KYC or Know Your Customer guidelines and regulations in financial services require professionals to verify the identity, suitability, and risks involved with maintaining a business relationship with a customer. The procedures fit within the broader scope of anti-money laundering (AML) and counter terrorism financing (CTF) regulations. 

KYCC or Know Your Customer's Customer is a process that identifies a customer's customer activities and nature. This includes the identification of the customer's customers and assessing the risk levels associated with their activities.


The events of the past two years have significantly expanded the volume of international sanctions that financial institutions must comply with. This, in turn, has affected the way businesses and transactions are scrutinized, imposing additional obligations on the businesses themselves. Today, every company must ensure that its operations and operations of its partners do not violate any international sanctions.

What does this mean in practice? It means that every entrepreneur must thoroughly verify the information about their partners, including details about the ultimate beneficiary (an owner or a person who benefits from an asset, regardless of whether they officially own it). This is particularly relevant for those engaged in international trade, but even when trading within the EU, you must ensure that the beneficiary is not a sanctioned entity.

Therefore, business partners have started requesting the beneficiary's passport before finalizing a deal.

Banks and payment institutions apply KYCC practices when, for example, our client purchases goods from another company. We want to ensure that this company is not owned by sanctioned individuals or, for instance, is not a subsidiary of a business involved in the arms trade.

Technically, it’s not so much “client’s client” as it is “client’s partner” — the relationship structure is slightly different, but the essence remains the same: we don’t just want to know that our client is a freight forwarding company registered in Germany; we want to know who they are transporting goods for and to be assured that those entities are not owned by sanctioned individuals.

If the company is public, then, of course, we don’t have any questions: we verify this information ourselves. However, if data is located in closed registers, and we have reasonable suspicions, we can ask our client to request these documents from their partner.

Case Study: A European company wants to purchase a non-sanctioned product from a Belarusian company. They googled the company and found that it is not on any sanctions lists, so everything seems fine. However, it’s not that simple, because this Belarusian company is owned by a Russian holding, which is under sanctions. The problem is that Belarus has a closed register, and simple googling is not enough: to find out the ownership of the company, one needs to request this information from them.

Of course, we do not accuse the client (the European company) of intending to violate sanctions. However, the company lost time on an unsuccessful deal. Therefore, we recommend businesses ask their partners for a bit more information than what Google can provide.

A company should take "reasonable measures to avoid sanctions restrictions." The minimum action you can take is to request information about the owner / beneficiary of your partner's company. They will provide you with a name, and you can then check this name against public sanctions lists.

Apart from sanctions risks, there are other concerns. For example, if it concerns working with a company owned by a politically exposed person.
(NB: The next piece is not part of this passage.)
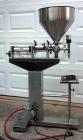Used Cleveland Equipment LGGZ-250 Semi Automatic Piston Filler. Has fill range: 1.5 ot 8.5 oz. Free standing unit with foot pedal operation. Positive shut off nozzle. Ideally suited for liquids, past...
Be prepared that in such a case, transactions with such a company will attract much more attention from compliance. Or in the case of affiliate marketing, we examine who the company provides advertising promotion services to, as this involves issues related to prohibited content.

For financial organizations opening an account with us, we review their client portfolio as a standard practice.

Sometimes KYCC is applied when a company's activities don't align with public information. For example, your firm is purchasing bolts from them, but publicly they are listed as a marketing company. This discrepancy can raise questions about whether the company has employees with appropriate competence or experience to provide such a service.

Overall, the logic is simple: the riskier the company, the more documents will be requested when opening an account and processing a payment. It's important to understand that almost any company is considered high-risk today if the supply geography is related to CIS countries.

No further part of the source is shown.